US Secretary of State Antony Blinken has accused Vladimir Putin of committing “aggression” in Ukraine and demanded the Russian president be held to account for it, while Russian Foreign Minister Sergei Lavrov said the US and its allies are victims of "Russophobia."
"The very international order we've gathered here to uphold is being shredded before our eyes," Blinken told the UN Security Council in a special session on Wednesday as leaders met at the United Nations in New York.
"We cannot -- we will not -- let President Putin get away with it," Blinken declared.
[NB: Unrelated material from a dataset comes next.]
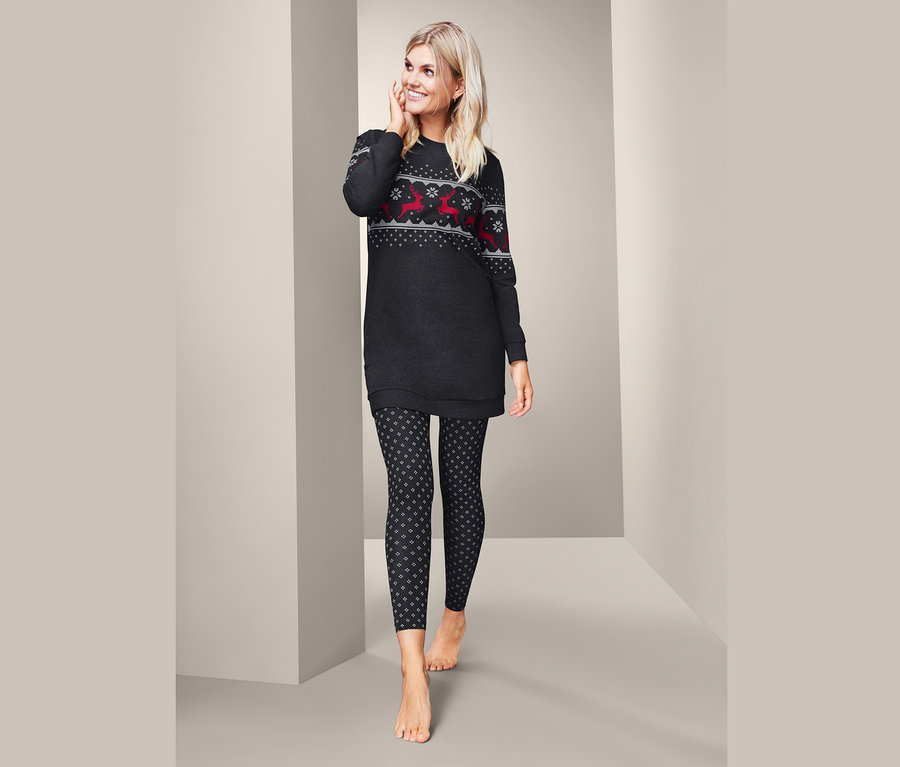 Blonďatá žena má na sobě pyžamo s vánočním motivem.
The top US diplomat accused the Russian leader of adding "fuel to the fire" with recent steps including announcing a partial mobilization in Russia, where Putin said that his country is now fighting “the entire Western military machine” in Ukraine.
“If the territorial integrity of our nation is threatened, we will certainly use all the means that we have to defend Russia and our people,” Putin said in his address on Wednesday. He called up reservists and planned referendums in Russian-held Ukrainian territory.
Blinken said it was critical to show that "no nation can redraw the borders of another by force."
"If we fail to defend this principle when the Kremlin is so flagrantly violating it, we send the message to aggressors everywhere that they can ignore it, too,” he added.
Lavrov denounced US accusations.
"There's an attempt today to impose on us a completely different narrative about Russian aggression as the origin of this tragedy," Lavrov told the Security Council.
He accused the US and its allies of "Russophobia.”
"The United States and their allies with the connivance of international human rights organizations have been covering the crimes of the Kiev regime," Lavrov said.
This came after US President Joe Biden warned Putin against thoughts of using nuclear weapons in Ukraine, adding that it would “change the face of war unlike anything since WWII.”
Biden said on Friday Moscow would become a global pariah if it uses weapons of mass destruction on the former Soviet state.
In an interview with a US media outlet, Biden was asked what his message to Putin would be if he felt the best way to operate in Ukraine was to use nuclear or chemical weapons against Kiev's forces.
The US president replied "don't, don't, don't", and adding that such a decision would "change the face of war unlike anything since World War Two".
If Russia launches a nuclear or chemical attack on Ukraine, it would “become more of a pariah in the world than they ever have been,” and America’s response would depend “on the extent of what they do,” Biden said in the interview with CBS News.
In response to Biden's warning, Putin's spokesman Dmitry Peskov gave reporters this short answer on Saturday, "Read the doctrine. Everything is written there," RIA Novosti reported.
The Russian nuclear doctrine allows the country to use nukes in two conditions. First, when "Russia or its ally [is under attack] with the use of mass destruction weapons," and second, "when the very existence of the state is under threat."